Andrey Tarasevich wrote:

Victor Bazarov wrote:

...
or even functions:

extern int i;

int foo() {
return i++;
}

int bar() {
i = foo(); // extremely obscured -- same object, and you don't
// even see the increment
And I missed a return statement here...
}
...

Although it is worth mentioning that this case is very different from
the previous ones and the behavior is perfectly defined and specified,
since the modifications of 'i' are separated from each other by at least
one sequence point.

You're absolutely right, I must have been thinking of this:

------------------------ a.cc
extern int i;
void foo(int &j) {
j = i++;
}
------------------------ b.cc
void foo(int&);
extern int i;
void bar() {
foo(i);
}

which is essentially the same as the first one, only the reference and
the object are separated from each other by a module border, while still
referring to the same object.

V

"Patrick Kowalzick" <ko*******@gmx.net> wrote in message
news:vq****************@nntpserver.swip.net...

Dear Ron,

Actually, I wouldn't have writen either ++k or k++.
Since I don't really care to change k, just get a value
one greater than it:

return k+1;
is MORE appropriate in my opinion.

Normaly I4d agree, but it is a counter :) and should definitly be
incremented.

Regards,
Patrick

If your original function (pasted below) is the way you actually have it in
code, the your "counter" isn't getting incremented, because you pass i in by
value, then increment the local copy of it.
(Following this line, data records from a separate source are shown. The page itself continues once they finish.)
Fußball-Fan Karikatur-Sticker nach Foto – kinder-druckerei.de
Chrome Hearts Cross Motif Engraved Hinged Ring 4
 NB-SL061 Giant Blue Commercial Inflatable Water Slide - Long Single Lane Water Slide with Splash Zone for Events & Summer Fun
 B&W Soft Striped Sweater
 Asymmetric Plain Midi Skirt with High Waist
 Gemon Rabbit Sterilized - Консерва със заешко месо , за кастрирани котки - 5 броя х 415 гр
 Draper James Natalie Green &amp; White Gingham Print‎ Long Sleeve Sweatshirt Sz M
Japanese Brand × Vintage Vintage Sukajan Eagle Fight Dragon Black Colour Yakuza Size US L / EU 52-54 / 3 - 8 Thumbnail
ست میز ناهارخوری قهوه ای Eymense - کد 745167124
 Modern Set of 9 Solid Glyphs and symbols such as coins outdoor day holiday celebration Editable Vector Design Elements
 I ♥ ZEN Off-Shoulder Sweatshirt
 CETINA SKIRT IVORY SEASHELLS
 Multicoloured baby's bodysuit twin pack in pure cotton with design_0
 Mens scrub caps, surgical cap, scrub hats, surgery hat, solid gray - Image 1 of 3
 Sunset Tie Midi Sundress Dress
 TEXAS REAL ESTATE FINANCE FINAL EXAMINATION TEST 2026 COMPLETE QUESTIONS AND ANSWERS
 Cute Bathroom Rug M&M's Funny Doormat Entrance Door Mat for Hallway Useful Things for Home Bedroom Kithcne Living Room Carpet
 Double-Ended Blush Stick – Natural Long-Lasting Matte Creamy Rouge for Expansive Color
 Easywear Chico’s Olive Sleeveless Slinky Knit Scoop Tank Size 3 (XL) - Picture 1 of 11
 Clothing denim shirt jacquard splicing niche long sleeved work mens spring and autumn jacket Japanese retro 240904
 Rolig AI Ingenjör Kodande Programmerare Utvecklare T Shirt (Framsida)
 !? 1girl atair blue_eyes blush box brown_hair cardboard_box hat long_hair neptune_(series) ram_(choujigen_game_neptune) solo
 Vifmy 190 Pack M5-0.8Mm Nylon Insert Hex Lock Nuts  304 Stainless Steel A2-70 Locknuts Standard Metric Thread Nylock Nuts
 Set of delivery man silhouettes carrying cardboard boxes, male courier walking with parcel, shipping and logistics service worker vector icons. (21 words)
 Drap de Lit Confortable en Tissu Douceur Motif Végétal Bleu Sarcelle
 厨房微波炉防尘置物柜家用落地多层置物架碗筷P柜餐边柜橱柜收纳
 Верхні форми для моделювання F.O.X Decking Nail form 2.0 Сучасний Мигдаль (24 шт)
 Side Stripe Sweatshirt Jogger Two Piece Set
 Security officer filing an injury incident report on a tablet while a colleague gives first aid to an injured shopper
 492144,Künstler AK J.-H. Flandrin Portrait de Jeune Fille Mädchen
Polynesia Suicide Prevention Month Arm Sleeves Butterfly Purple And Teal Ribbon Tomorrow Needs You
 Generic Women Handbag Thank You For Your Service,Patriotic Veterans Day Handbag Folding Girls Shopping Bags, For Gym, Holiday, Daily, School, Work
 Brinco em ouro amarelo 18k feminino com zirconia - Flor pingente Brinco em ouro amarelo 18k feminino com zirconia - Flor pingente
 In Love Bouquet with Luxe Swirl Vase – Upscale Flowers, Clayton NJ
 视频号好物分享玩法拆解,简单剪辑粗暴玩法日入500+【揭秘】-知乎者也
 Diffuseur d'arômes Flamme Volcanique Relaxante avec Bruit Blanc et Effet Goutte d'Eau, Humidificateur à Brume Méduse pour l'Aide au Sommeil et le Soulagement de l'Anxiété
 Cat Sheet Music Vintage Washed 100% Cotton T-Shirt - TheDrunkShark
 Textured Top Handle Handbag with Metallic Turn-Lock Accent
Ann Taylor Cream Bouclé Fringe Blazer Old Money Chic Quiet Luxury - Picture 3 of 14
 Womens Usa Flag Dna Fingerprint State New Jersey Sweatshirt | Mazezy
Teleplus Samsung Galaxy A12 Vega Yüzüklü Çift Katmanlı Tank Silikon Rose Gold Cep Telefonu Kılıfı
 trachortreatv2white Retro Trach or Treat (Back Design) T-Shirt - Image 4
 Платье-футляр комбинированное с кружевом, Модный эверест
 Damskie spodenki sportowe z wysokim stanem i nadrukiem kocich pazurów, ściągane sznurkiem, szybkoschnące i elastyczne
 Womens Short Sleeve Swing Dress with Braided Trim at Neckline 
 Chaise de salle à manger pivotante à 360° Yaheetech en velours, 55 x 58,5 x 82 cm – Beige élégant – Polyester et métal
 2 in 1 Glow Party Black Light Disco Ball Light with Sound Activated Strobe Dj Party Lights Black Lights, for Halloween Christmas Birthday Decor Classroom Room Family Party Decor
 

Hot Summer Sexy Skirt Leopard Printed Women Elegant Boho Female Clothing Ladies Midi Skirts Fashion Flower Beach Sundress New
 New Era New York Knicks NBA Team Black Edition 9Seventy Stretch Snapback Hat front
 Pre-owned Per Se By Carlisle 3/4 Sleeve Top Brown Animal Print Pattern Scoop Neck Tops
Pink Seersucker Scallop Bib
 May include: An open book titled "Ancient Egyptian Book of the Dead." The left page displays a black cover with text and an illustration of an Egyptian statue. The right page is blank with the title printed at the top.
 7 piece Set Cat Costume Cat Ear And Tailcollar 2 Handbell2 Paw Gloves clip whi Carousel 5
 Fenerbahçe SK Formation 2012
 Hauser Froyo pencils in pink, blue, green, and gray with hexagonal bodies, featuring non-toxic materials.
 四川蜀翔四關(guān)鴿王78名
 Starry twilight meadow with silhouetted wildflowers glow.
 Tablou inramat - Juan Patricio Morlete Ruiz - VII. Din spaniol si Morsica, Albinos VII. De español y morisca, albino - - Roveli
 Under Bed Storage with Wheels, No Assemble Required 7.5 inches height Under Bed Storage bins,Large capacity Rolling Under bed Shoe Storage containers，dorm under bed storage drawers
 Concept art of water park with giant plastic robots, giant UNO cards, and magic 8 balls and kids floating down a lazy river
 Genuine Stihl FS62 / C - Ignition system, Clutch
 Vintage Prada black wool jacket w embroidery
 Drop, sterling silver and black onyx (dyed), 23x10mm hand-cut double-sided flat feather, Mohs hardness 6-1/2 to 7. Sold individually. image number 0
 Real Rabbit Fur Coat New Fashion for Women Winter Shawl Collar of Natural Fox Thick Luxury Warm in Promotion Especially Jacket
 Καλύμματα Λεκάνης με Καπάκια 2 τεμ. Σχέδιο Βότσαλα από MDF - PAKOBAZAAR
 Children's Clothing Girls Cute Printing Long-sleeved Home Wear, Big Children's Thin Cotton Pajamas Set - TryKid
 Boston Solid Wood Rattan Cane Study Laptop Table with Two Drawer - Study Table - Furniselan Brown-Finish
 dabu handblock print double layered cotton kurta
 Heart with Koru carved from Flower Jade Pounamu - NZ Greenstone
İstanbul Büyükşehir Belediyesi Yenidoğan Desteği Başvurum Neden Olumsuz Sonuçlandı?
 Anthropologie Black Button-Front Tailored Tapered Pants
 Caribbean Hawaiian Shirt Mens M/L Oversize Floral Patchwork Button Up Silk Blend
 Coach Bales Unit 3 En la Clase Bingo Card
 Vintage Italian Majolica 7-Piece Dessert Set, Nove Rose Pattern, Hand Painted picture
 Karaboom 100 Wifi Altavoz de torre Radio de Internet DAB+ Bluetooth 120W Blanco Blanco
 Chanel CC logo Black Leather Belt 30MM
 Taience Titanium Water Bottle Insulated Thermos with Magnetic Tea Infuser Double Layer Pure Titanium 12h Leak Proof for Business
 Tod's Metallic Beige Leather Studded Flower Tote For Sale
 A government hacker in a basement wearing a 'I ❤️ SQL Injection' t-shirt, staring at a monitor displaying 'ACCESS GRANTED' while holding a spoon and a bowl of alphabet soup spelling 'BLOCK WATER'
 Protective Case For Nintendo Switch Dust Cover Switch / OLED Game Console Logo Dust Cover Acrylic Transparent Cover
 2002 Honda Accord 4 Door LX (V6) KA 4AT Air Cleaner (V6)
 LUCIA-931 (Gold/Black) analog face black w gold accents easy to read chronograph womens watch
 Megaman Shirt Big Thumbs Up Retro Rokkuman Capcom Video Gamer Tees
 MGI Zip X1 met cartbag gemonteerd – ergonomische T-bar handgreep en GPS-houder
If you meant to change the
value that was passed in, make sure you pass it by reference (or pointer):

int foo(int i)
{
return i++;
}

should be:

int foo(int& i)
{
return i++;
}

-Howard

Howard wrote:

int foo(int& i)
{
return i++;
}

-Howard

or is that --Howard.

"Ron Natalie" <ro*@sensor.com> wrote in message
news:41***********************@news.newshosting.co m...

Howard wrote:

int foo(int& i)
{
return i++;
}

-Howard

or is that --Howard.

good one! :-)

DaKoadMunky wrote:

cout << i++ << i++; // no, no

I am thinking that this is unspecified behavior rather than undefined given
that the statement is really...

operator<<(operator<<(cout,i++)),i++);

The output is unspecified behavior but the modifications to i are separated by
sequence points and thus do not lead to undefined behavior.

Can anyone confirm or deny this?

Actually I once walked through all of this in the standard.
The point is:
There are 2 different forms of op<<
1) member functions of the stream
2) standalone functions

All the op<< for builtin types (int, char, long, etc...) are
member functions. Thus

cout << i++ << i++;

is equivalent to

cout.op<<( i++ ).op<<( i++ );

because i++ is of type int in both cases.

Hack I can't remember all the details, but they turned around how
function calls are handled. Which one is done first:
the evaluation of the function to call or the evaluation of the
arguments. Search google for an indepth analysis of that.

--
Karl Heinz Buchegger
kb******@gascad.at

int foo(int i)
{
return i++;
}

should be:

int foo(int& i)
{
return i++;
}

should be:

int foo(int& i)
{
return ++i;
}
and maybe return that by reference too...
-JKop

The ++Patrick-- got me thinking. Is any of the following legal ?

int i;

(i++)++;
++(i++);
(++i)++;
++(++i);

What happens if I omit the parnethesis ?

My guess is (++i)++ and ++(++i) is legal, because ++i is l-value.

One more thing, where can I find a little detailed information on sequence
points ? All I seem to get is very sketchy.

-Arijit

Arijit wrote:

The ++Patrick-- got me thinking. Is any of the following legal ?
What do you mean by "legal"? Well-formed? Behavior is defined?
int i;

(i++)++;
Ill-formed. Post-increment expects an lvalue.
++(i++);
Ill-formed. Pre-increment expects an lvalue.
(++i)++;
++(++i);
Both well-formed, but produce undefined behavior.
What happens if I omit the parnethesis ?
'(++i)++' without parenthesis is equivalent to '++(i++)'. Others won't
change at all.
My guess is (++i)++ and ++(++i) is legal, because ++i is l-value.

Both are well-formed, but broken, since they produce undefined behavior.

--
Best regards,
Andrey Tarasevich

>One more thing, where can I find a little detailed information on sequence

points ? All I seem to get is very sketchy.

I found this helpful...

http://www.embedded.com/story/OEG20020625S0041

"JKop" <NU**@NULL.NULL> wrote in message
news:Ky*******************@news.indigo.ie...

int foo(int i)
{
return i++;
}

should be:

int foo(int& i)
{
return i++;
}

should be:

int foo(int& i)
{
return ++i;
}

Not according to the original post, which was asking if it was ok to
post-increment, expecting the returned value to be the value prior to the
increment. Your version would return the value AFTER the increment, which
isn't what was wanted.

and maybe return that by reference too...

No need to do that, I think. It's just an integer, and wouldn't save any
time or memory doing so, would it?
--Howard

Howard posted:

"JKop" <NU**@NULL.NULL> wrote in message
news:Ky*******************@news.indigo.ie...

int foo(int i)
{
return i++;
}

should be:

int foo(int& i)
{
return i++;
}

should be:

int foo(int& i)
{
return ++i;
}

Not according to the original post, which was asking if it was ok to
post-increment, expecting the returned value to be the value prior to
the increment. Your version would return the value AFTER the
increment, which isn't what was wanted.

and maybe return that by reference too...

No need to do that, I think. It's just an integer, and wouldn't save
any time or memory doing so, would it?
--Howard

You're right, my bad.
-JKop